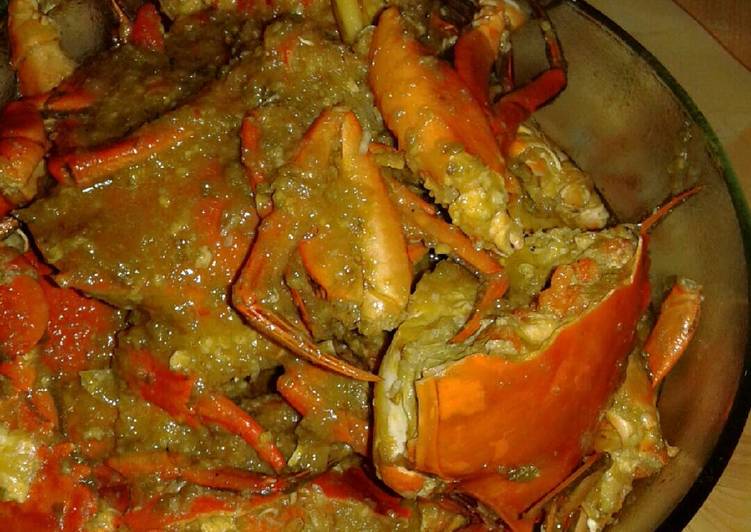 bahan dan cara membuat Gulai Kepiting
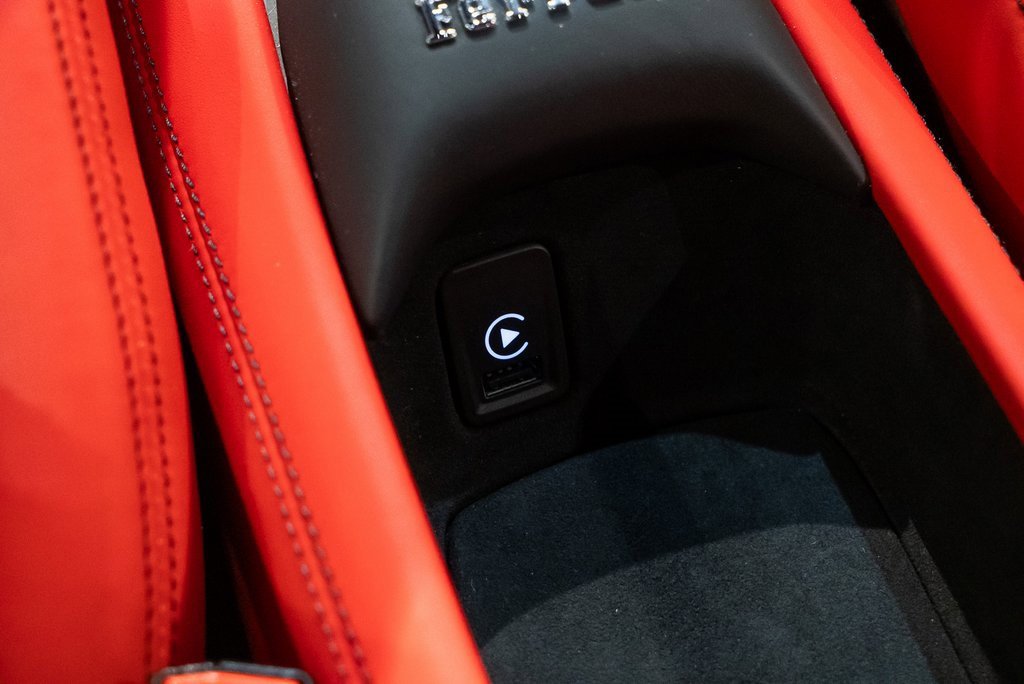 Certified 2022 Ferrari F8 Tributo image 37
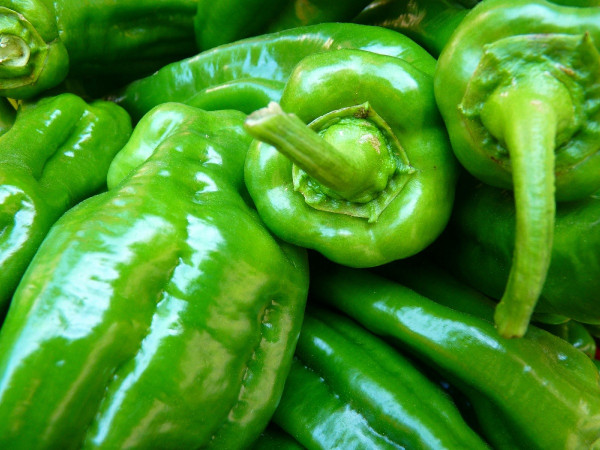 Πράσινες πιπεριές: Πλούσιες σε βιταμίνες και φυτικές ίνες - Κάνουν καλό στα μάτια και την καρδιά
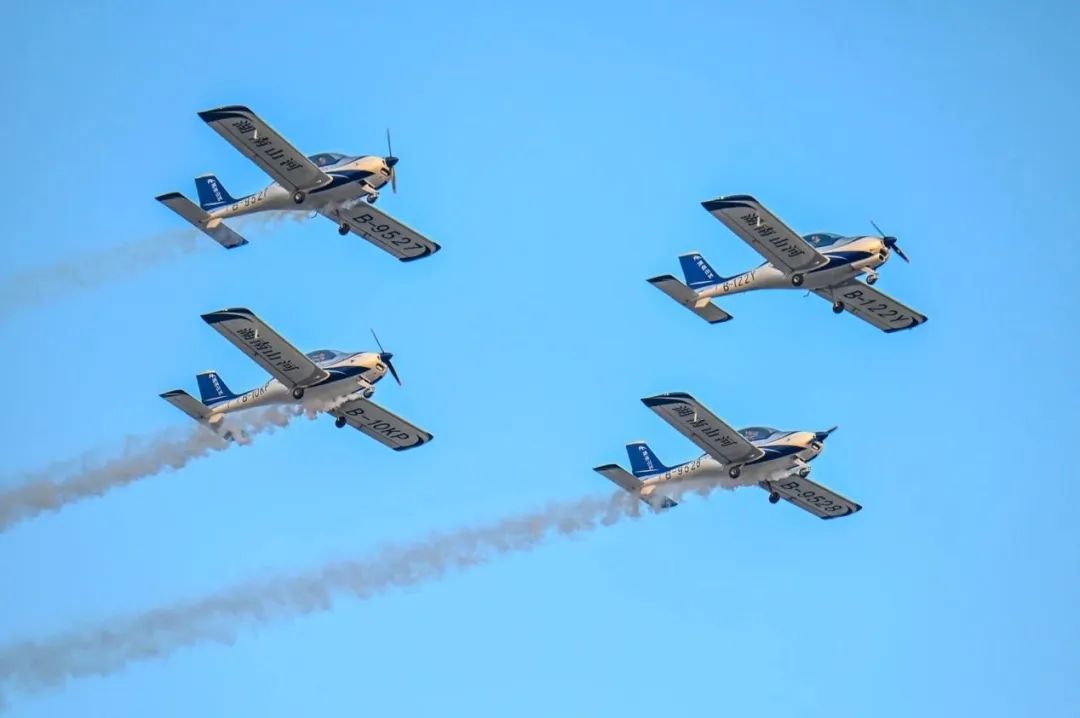 逆势飞翔！永利集团官网航空携手相助同伴亮相2022南昌航行大会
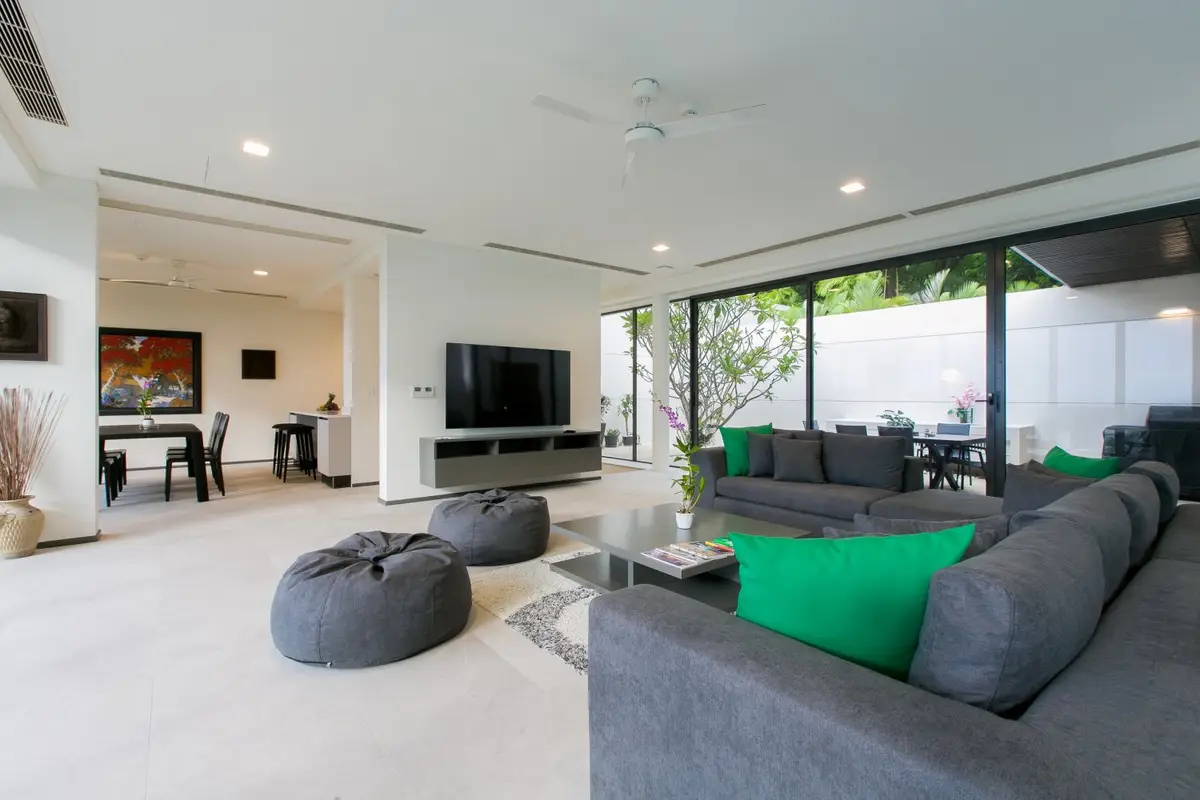 Three-Bedroom 410 sqm Sea View Apartment, The Heights, Kata — Kata · 4/17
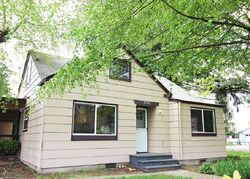 Pre-foreclosure in  108TH AVENUE CT E Puyallup, WA 98372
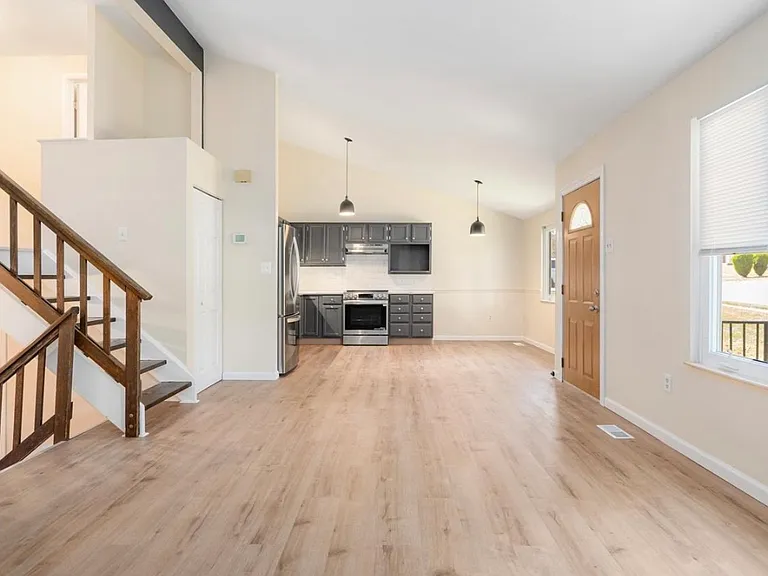 347 Kearney Dr — Photo 5
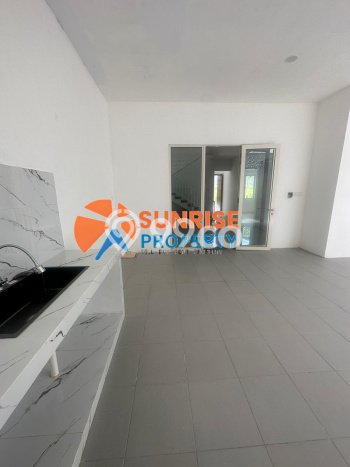 Jarang Ada! Rumah Sewa 3 Kamar Bagus Siap Huni Tiban Jarang Ada! Rumah Sewa 3 Kamar Bagus Siap Huni Tiban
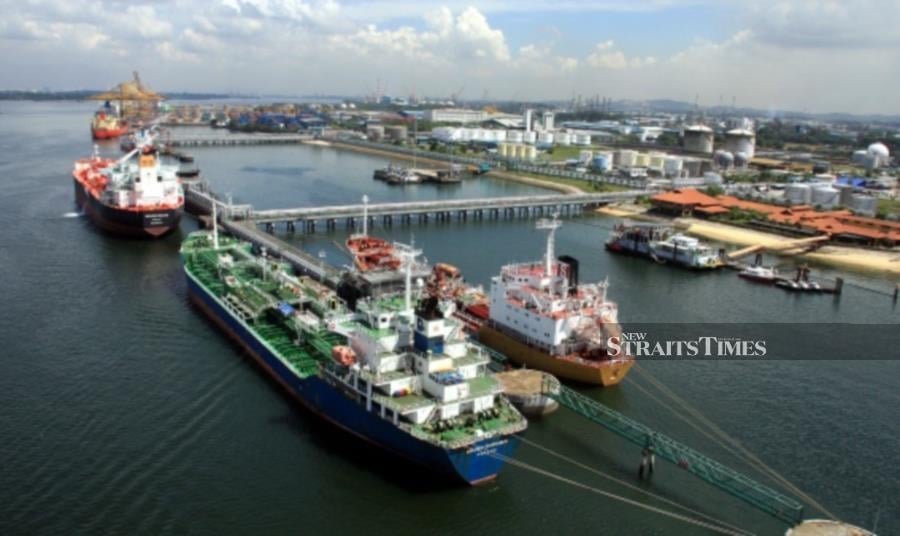 Global Infrastructure Partners (GIP) is in talks to buy up to a 49 per cent stake in MMC Port Holdings, in a deal potentially valuing Malaysia’s biggest port operator at around 30 billion ringgit (US$6.4 billion), two sources with knowledge of the matter said.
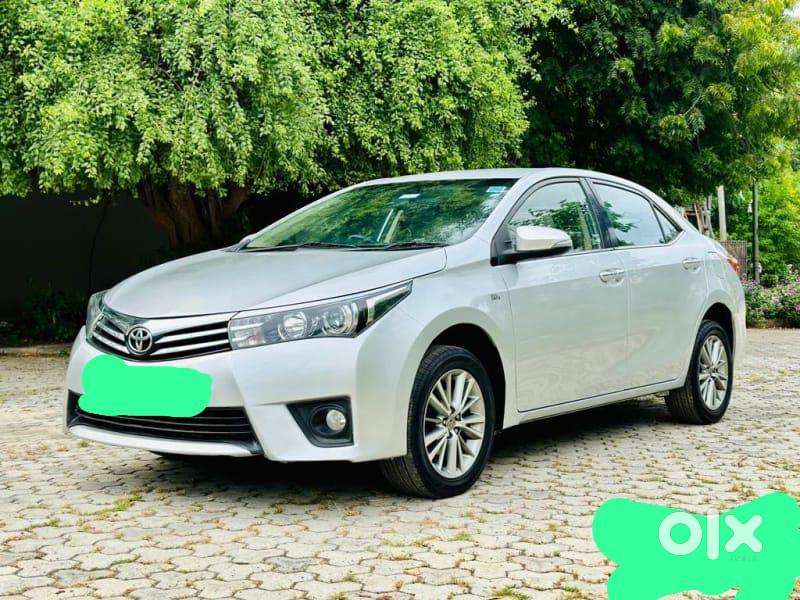 Toyota Corolla Altis 2015 Petrol Well Maintained. Car Is In Amreli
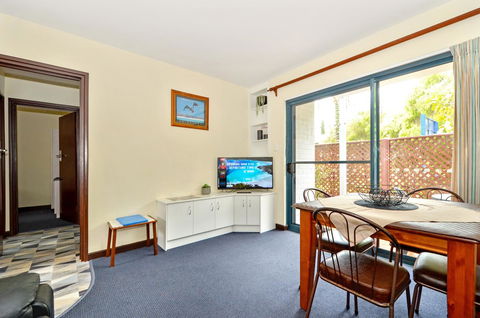 Dolphin Lodge Albany - Self Contained Apartments At Middleton Beach - Tourism Guide 27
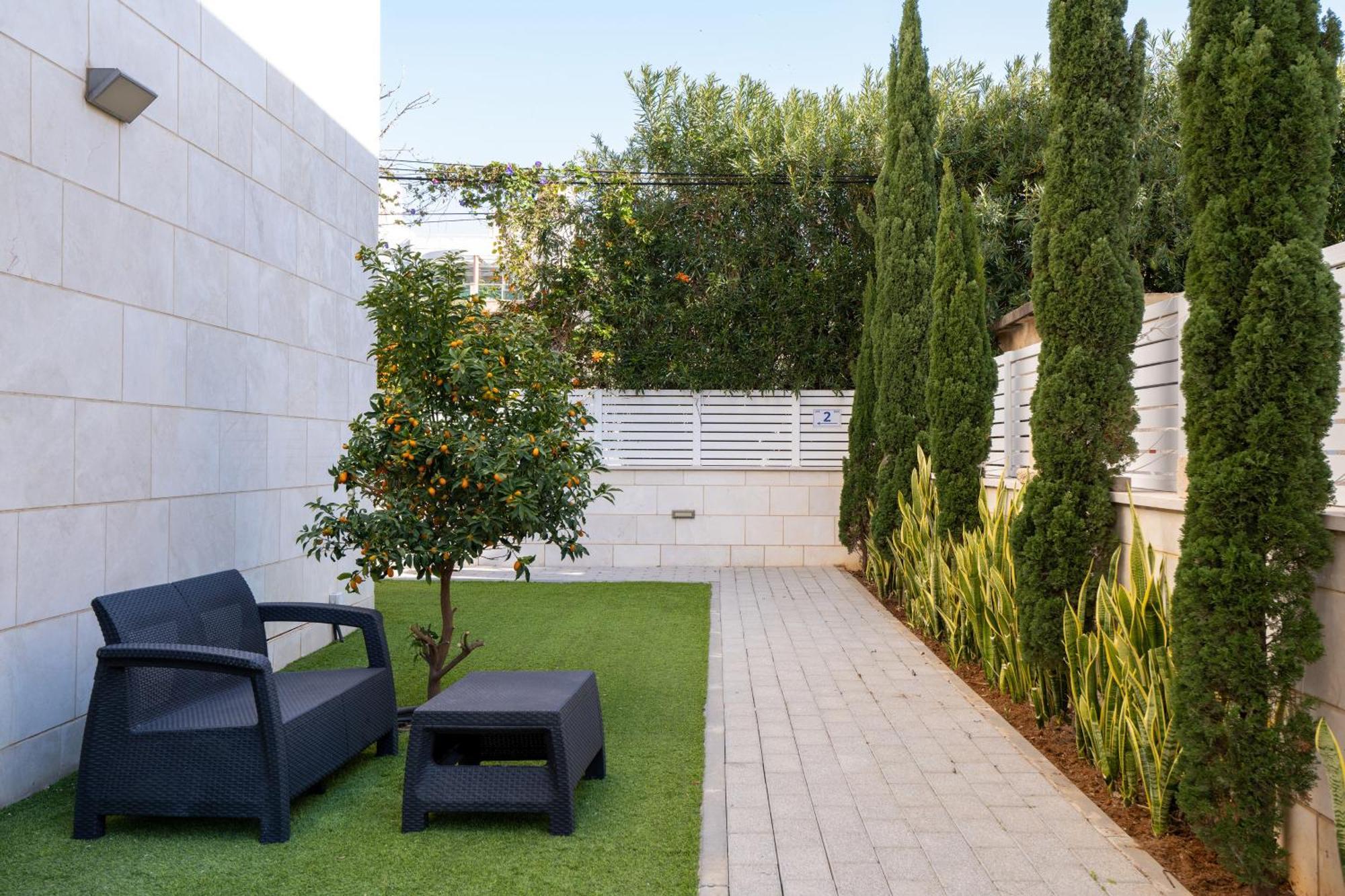 Balfour Sea View City Center Nahariya Esterno foto
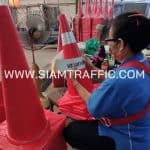 กรวยจราจร สีส้ม สกรีนข้อความ แขวงทางหลวงลพบุรีที่ 1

********************

■ WHAT YOU ARE ASKED TO DO: Using the data above, set down each line from the line with "Certified 2022 Ferrari F8 Tributo image 37" to the line with "Jarang Ada! Rumah Sewa 3 Kamar Bagus Siap Huni Tiban Jarang" exactly, both ends included, and leave the pictures behind. Nothing else belongs.

■ ANSWER SECTION:
 Certified 2022 Ferrari F8 Tributo image 37
 Πράσινες πιπεριές: Πλούσιες σε βιταμίνες και φυτικές ίνες - Κάνουν καλό στα μάτια και την καρδιά
 逆势飞翔！永利集团官网航空携手相助同伴亮相2022南昌航行大会
 Three-Bedroom 410 sqm Sea View Apartment, The Heights, Kata — Kata · 4/17
 Pre-foreclosure in  108TH AVENUE CT E Puyallup, WA 98372
 347 Kearney Dr — Photo 5
 Jarang Ada! Rumah Sewa 3 Kamar Bagus Siap Huni Tiban Jarang Ada! Rumah Sewa 3 Kamar Bagus Siap Huni Tiban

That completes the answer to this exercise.